• Work required
From the line containing "Bierseidel Krug 0,3" through the last line of the entries, set down every line exactly and add nothing.

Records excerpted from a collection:
◆ ◆ ◆ ◆ ◆ ◆ ◆
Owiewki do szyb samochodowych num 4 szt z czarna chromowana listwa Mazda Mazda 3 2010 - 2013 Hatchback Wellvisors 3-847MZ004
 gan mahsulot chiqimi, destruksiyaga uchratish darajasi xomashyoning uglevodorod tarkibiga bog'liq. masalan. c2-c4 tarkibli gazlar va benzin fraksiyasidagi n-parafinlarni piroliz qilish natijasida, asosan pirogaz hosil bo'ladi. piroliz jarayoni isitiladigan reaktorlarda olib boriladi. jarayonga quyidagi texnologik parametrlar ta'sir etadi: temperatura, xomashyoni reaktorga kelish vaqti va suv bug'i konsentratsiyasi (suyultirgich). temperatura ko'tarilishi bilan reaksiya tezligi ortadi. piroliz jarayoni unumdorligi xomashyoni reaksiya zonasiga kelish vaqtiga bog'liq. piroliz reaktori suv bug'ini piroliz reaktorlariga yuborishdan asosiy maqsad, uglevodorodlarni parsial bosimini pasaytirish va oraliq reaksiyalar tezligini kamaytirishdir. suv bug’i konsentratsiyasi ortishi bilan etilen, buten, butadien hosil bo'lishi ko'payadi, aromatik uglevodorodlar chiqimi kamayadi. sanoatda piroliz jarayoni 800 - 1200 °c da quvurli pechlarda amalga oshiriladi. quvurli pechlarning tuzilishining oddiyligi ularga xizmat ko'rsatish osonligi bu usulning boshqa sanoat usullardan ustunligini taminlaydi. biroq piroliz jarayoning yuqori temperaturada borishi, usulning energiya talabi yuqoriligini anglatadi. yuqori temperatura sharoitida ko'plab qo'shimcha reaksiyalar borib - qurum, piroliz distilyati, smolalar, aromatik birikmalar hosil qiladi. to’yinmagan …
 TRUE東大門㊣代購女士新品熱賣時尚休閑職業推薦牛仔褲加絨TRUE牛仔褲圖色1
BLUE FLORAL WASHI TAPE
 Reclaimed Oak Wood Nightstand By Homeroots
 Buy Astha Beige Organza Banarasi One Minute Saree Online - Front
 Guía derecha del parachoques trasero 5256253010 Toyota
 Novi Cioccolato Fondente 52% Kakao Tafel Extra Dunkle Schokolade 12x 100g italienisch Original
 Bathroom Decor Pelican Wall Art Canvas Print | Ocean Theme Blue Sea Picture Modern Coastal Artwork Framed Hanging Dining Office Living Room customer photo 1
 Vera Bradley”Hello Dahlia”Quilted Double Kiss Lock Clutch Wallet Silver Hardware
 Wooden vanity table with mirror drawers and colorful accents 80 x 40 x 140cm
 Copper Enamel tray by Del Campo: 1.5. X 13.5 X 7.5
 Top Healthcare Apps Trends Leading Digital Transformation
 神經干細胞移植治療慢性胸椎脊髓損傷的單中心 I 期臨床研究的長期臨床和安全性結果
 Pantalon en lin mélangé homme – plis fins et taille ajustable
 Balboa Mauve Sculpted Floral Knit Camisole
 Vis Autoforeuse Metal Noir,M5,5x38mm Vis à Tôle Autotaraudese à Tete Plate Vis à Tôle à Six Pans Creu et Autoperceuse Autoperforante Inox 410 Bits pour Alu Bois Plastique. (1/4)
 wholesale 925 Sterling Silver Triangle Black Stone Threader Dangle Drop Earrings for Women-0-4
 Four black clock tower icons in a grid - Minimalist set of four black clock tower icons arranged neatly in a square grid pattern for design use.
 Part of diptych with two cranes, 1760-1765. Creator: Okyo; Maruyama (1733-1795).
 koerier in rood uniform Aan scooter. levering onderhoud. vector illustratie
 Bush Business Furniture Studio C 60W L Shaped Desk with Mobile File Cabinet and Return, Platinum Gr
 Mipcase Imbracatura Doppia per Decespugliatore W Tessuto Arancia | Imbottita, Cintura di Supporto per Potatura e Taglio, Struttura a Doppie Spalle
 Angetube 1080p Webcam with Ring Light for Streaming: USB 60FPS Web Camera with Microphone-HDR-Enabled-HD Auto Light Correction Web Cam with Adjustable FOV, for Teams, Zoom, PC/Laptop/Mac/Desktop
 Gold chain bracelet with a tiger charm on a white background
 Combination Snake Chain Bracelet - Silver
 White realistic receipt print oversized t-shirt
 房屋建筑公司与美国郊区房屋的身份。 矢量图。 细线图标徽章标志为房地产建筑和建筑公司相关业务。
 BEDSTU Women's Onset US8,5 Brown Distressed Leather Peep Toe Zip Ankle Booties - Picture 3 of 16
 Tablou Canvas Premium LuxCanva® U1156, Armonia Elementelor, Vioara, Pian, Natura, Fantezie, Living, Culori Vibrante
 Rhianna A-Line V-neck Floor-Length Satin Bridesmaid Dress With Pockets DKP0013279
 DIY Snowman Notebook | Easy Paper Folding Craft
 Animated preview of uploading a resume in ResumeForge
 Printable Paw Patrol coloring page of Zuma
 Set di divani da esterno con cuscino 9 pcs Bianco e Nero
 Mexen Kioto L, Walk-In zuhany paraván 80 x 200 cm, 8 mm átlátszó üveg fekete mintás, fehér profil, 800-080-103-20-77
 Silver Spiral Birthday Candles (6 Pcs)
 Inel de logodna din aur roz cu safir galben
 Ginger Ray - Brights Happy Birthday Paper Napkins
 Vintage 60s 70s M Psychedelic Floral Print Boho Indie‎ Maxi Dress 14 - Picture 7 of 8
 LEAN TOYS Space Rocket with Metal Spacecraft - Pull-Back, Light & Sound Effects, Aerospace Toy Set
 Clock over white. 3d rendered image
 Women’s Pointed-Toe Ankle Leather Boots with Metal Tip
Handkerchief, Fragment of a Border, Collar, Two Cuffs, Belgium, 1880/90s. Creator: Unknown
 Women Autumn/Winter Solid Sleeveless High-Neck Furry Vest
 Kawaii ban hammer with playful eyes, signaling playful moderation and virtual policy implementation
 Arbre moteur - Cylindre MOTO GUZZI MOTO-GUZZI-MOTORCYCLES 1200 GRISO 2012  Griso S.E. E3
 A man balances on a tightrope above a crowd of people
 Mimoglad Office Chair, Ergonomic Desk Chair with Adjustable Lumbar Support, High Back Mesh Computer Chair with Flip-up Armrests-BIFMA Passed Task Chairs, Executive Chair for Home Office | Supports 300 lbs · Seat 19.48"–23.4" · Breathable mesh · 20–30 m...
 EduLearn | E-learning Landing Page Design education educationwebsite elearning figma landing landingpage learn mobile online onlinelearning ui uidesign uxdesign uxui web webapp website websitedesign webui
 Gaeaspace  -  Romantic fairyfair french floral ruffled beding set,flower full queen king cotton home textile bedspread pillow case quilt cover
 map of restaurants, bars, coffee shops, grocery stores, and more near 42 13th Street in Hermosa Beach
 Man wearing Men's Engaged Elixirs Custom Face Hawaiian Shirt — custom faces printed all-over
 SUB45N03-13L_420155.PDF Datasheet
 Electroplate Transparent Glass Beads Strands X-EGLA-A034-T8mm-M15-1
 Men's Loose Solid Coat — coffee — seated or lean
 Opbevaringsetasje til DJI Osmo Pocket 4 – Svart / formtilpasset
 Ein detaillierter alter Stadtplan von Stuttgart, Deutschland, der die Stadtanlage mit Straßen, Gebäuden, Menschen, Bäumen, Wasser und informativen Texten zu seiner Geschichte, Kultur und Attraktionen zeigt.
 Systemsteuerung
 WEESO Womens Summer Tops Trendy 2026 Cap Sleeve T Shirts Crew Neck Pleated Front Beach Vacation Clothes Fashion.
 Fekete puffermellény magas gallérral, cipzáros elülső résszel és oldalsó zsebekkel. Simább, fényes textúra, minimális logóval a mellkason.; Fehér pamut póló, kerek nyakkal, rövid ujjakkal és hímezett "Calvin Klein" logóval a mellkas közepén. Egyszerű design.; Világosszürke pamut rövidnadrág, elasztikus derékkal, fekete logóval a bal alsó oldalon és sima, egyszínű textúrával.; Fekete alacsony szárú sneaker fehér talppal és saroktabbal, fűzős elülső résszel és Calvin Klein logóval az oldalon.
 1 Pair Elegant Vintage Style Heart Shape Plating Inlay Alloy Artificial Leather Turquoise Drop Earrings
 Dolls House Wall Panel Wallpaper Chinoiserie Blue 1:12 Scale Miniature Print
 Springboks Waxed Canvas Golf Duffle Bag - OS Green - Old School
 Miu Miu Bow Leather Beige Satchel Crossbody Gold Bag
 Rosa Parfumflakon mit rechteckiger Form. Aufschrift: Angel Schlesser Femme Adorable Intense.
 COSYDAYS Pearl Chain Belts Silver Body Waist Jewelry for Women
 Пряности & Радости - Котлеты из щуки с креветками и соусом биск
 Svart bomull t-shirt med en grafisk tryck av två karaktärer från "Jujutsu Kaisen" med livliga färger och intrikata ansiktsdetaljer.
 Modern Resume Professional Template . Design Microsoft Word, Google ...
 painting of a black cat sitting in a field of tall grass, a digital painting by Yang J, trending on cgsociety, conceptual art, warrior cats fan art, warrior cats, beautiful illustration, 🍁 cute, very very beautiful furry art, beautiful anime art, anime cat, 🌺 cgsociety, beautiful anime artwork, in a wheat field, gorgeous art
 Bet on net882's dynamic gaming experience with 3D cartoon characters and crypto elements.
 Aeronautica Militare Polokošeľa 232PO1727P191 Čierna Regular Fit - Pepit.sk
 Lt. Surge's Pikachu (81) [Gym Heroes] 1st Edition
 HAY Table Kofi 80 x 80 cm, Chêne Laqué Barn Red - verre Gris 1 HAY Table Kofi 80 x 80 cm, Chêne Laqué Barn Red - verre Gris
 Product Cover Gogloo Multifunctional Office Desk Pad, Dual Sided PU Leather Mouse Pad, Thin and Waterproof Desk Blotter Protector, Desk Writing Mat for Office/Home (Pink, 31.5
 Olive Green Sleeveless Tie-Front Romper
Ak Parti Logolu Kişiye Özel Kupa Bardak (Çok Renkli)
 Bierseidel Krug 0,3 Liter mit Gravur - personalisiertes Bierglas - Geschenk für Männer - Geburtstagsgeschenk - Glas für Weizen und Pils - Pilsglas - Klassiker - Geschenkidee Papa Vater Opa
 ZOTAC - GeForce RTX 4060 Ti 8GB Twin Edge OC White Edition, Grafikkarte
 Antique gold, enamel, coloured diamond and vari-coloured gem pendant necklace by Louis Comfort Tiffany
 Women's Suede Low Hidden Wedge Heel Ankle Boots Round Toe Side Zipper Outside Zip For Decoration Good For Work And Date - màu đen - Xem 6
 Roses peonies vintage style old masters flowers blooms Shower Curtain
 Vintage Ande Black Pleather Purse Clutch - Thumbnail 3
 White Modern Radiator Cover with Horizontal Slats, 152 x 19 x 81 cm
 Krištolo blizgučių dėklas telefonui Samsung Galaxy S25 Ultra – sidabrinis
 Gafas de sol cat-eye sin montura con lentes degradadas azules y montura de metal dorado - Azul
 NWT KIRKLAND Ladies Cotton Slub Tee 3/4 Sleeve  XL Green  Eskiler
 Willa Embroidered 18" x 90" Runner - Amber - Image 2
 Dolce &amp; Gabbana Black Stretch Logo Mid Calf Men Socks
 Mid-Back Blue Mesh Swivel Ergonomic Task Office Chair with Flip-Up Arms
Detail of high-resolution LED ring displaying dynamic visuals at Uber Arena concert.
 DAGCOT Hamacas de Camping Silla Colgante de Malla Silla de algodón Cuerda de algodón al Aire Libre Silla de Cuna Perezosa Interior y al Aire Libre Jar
◆ ◆ ◆ ◆ ◆ ◆ ◆
• The answer
 Bierseidel Krug 0,3 Liter mit Gravur - personalisiertes Bierglas - Geschenk für Männer - Geburtstagsgeschenk - Glas für Weizen und Pils - Pilsglas - Klassiker - Geschenkidee Papa Vater Opa
 ZOTAC - GeForce RTX 4060 Ti 8GB Twin Edge OC White Edition, Grafikkarte
 Antique gold, enamel, coloured diamond and vari-coloured gem pendant necklace by Louis Comfort Tiffany
 Women's Suede Low Hidden Wedge Heel Ankle Boots Round Toe Side Zipper Outside Zip For Decoration Good For Work And Date - màu đen - Xem 6
 Roses peonies vintage style old masters flowers blooms Shower Curtain
 Vintage Ande Black Pleather Purse Clutch - Thumbnail 3
 White Modern Radiator Cover with Horizontal Slats, 152 x 19 x 81 cm
 Krištolo blizgučių dėklas telefonui Samsung Galaxy S25 Ultra – sidabrinis
 Gafas de sol cat-eye sin montura con lentes degradadas azules y montura de metal dorado - Azul
 NWT KIRKLAND Ladies Cotton Slub Tee 3/4 Sleeve  XL Green  Eskiler
 Willa Embroidered 18" x 90" Runner - Amber - Image 2
 Dolce &amp; Gabbana Black Stretch Logo Mid Calf Men Socks
 Mid-Back Blue Mesh Swivel Ergonomic Task Office Chair with Flip-Up Arms
Detail of high-resolution LED ring displaying dynamic visuals at Uber Arena concert.
 DAGCOT Hamacas de Camping Silla Colgante de Malla Silla de algodón Cuerda de algodón al Aire Libre Silla de Cuna Perezosa Interior y al Aire Libre Jar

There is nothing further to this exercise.